■ Short web captions
.....
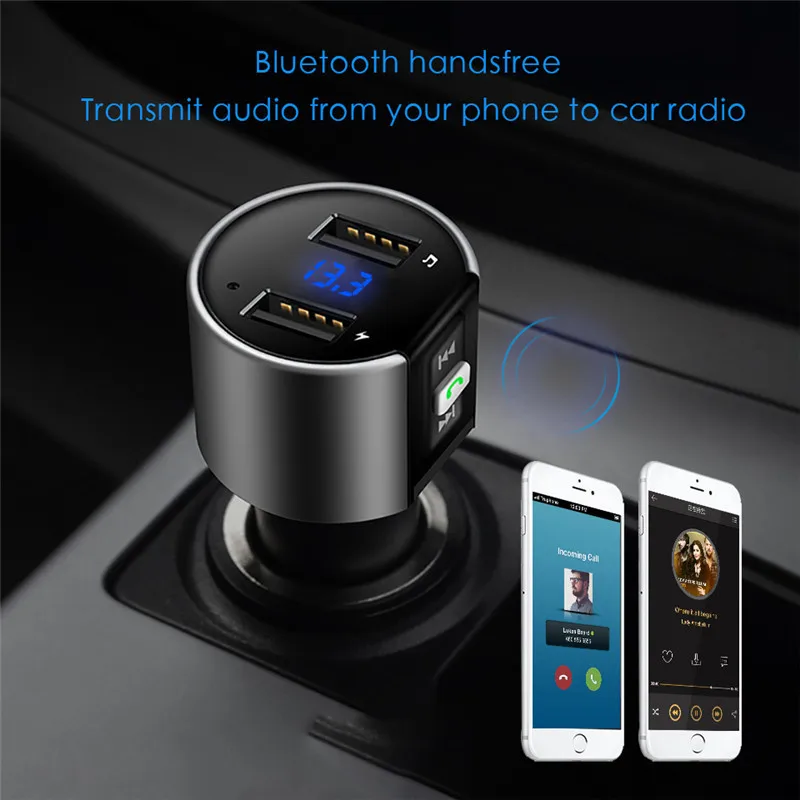 Беспроводной FM передатчик Bluetooth Car MP3 музыкальный плеер Радио модулятор с двумя USB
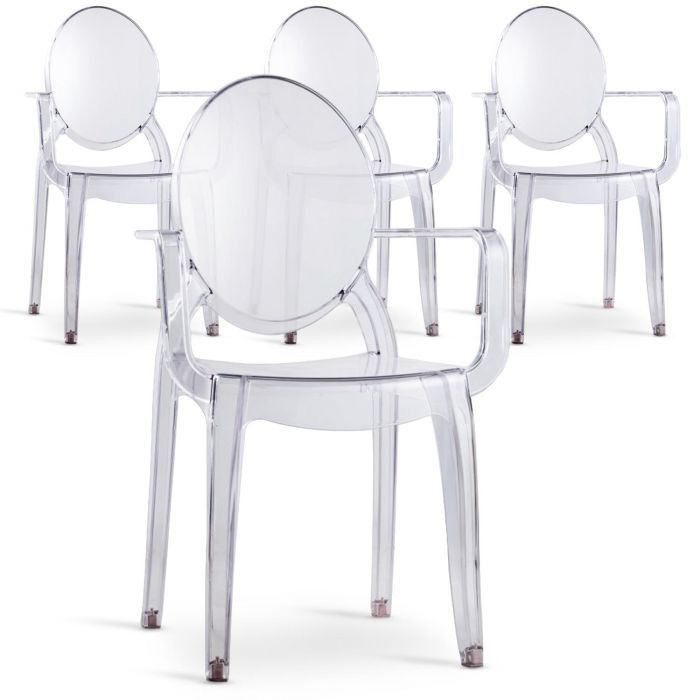 Chaise avec accoudoirs polycarbonate transparent Namon - Lot de 4 - Photo n°1
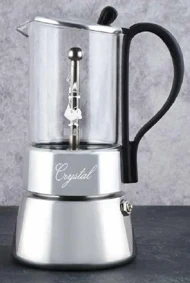 Kávovar Bialetti Crystal z nehrdzavejúcej ocele na prípravu 4 šálok kávy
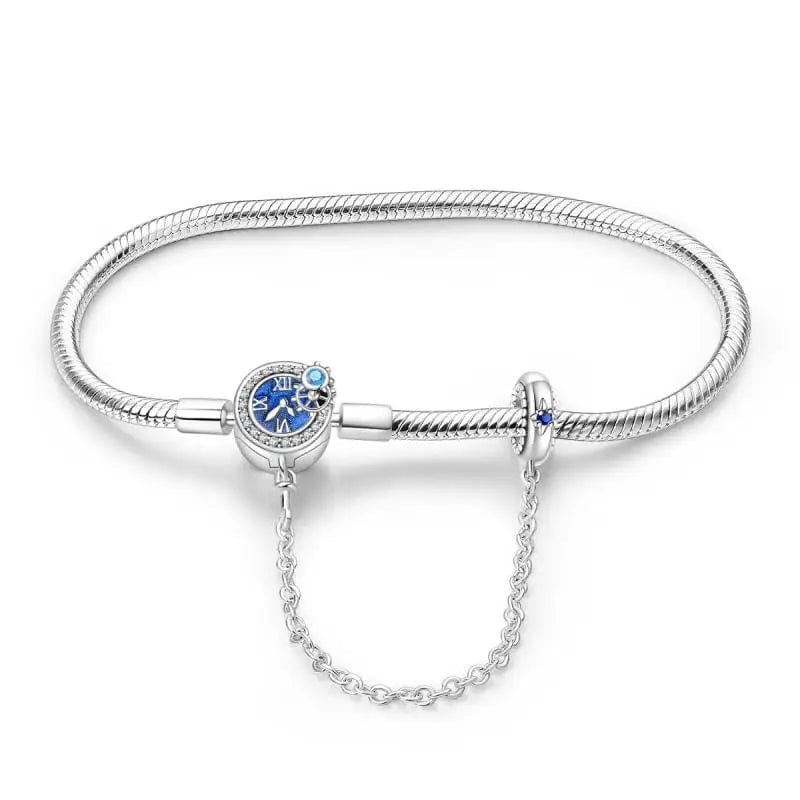 Amarante Jewelry Blue Clock Clasp Bracelet with Safety Chain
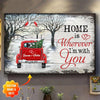 Personalized Love Couple Red Truck Christmas Home Is Wherever I'm With You Canvas NVL23AUG21CT1 Canvas Dreamship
.....
With the pictures dropped, give every entry above again exactly.

■ THE COMPLETED TASK
 Беспроводной FM передатчик Bluetooth Car MP3 музыкальный плеер Радио модулятор с двумя USB
 Chaise avec accoudoirs polycarbonate transparent Namon - Lot de 4 - Photo n°1
 Kávovar Bialetti Crystal z nehrdzavejúcej ocele na prípravu 4 šálok kávy
 Amarante Jewelry Blue Clock Clasp Bracelet with Safety Chain
 Personalized Love Couple Red Truck Christmas Home Is Wherever I'm With You Canvas NVL23AUG21CT1 Canvas Dreamship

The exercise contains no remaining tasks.